Failure to perform appropriate additional data QC
Performing cross-study analyses for binary traits with different case definitions.
Is this kind of information what you're looking for, @jmcmurry ?
Yessssss! This is pitch perfect. Thanks so much @bheavner; you've provided a great template for the other stewards too. As soon as you transfer this text to a markdown file in this repo, we can close the topmed portion of this ticket.
Thanks Ben :) I'm going to reopen this just because I'm waiting on it from GTex and Alliance. I've checked the Gtex box at the top of the issue to show it is 1/3 complete.
Here are pitfalls concerning the GTEx data:
Analysis is difficult because:
raw files are large and require a lot of compute and processing, but raw RNA seq files must be processed and normalized the same way for any comparisons to be meaningful in terms of quantifying expression differences.
Data access issues:
users complain all the time that file and data IDs/names in dbGaP are not the same as what we named them, and refer to them in the portal, or publications, or the read me files.

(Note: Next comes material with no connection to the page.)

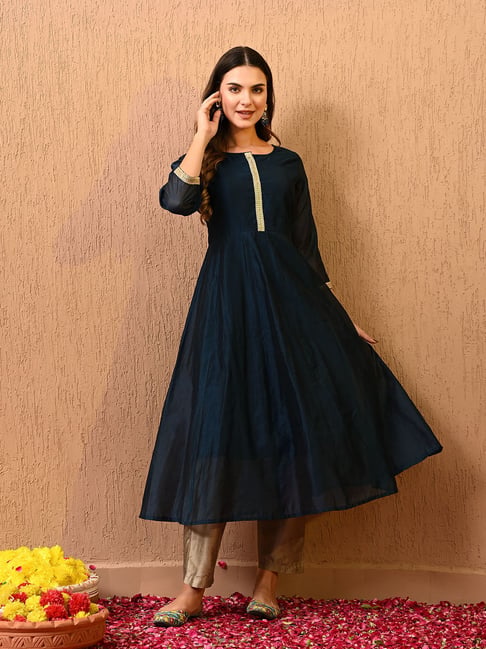 Deckedup Blue Chanderi Relaxed Fit Suit Set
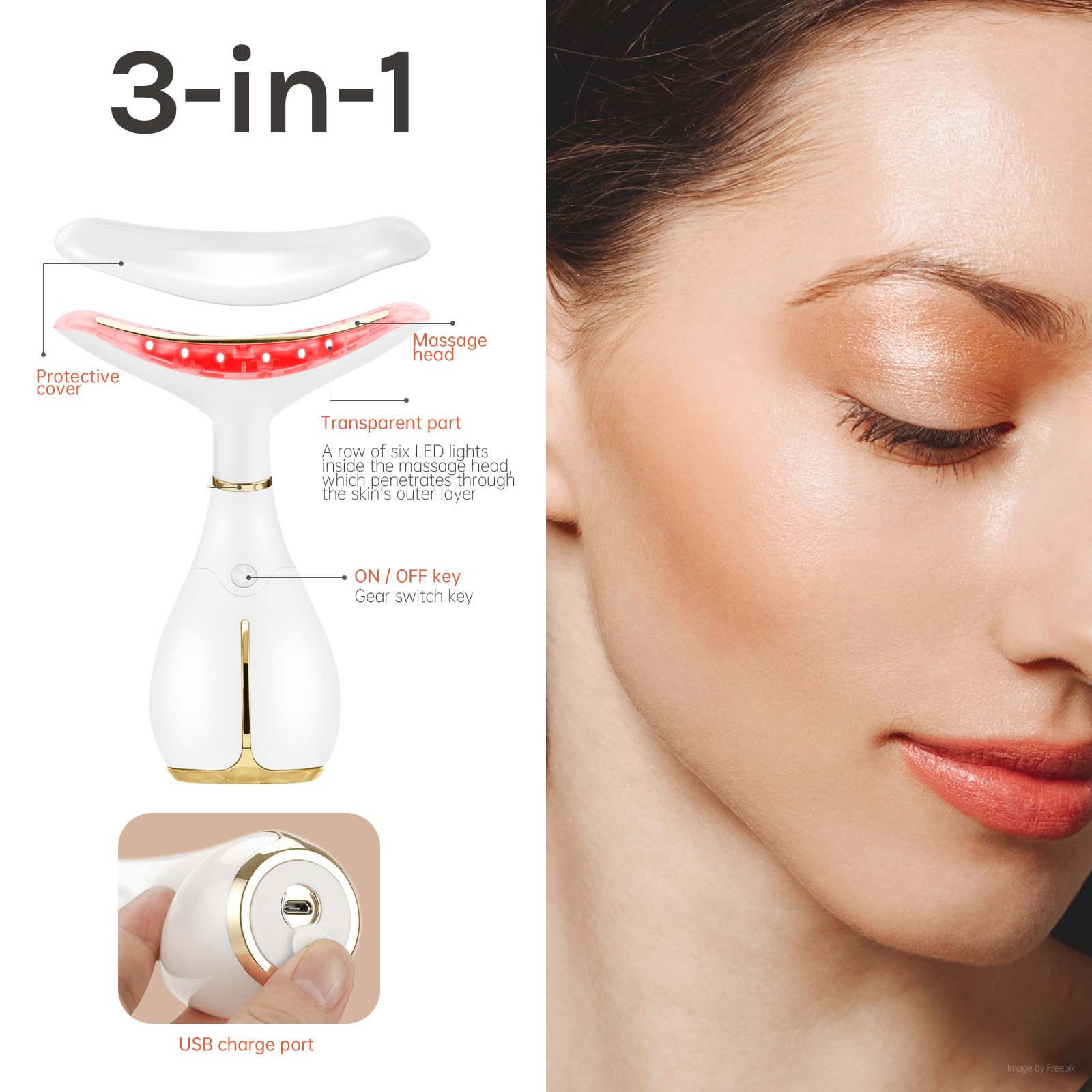 Ms.W Red Light Therapy Face Massager - LED, Heated & Vibrating Facial Massager for Skin Tightening, Rejuvenation - Anti-Aging Skin Care Device for Face & Neck - Perfect for Home Spa & Beauty Routine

We get a huge number of complaints and queries about this.
searching and subdividing the data is difficult - users want to do it by gene, or by tissue, or by other variables.
Data interpretation issues/errors:
comparison of expression levels between "different" tissues - users don't realize that this can't be meaningfully done due to differences in cell type and counts. This is also problematic for comparisons with cancers, even if from the same "tissue".
assumption that a significant eQTL (at p-value 'x') in a specific tissue is biologically meaningful. Issues include LD, cell and tissue sharing.
Please write up draft descriptions of ways that others misinterpret or mis-parse your data; please do so in a way that empowers the commons team to avoid such issues, or at least to know when to come ask for help.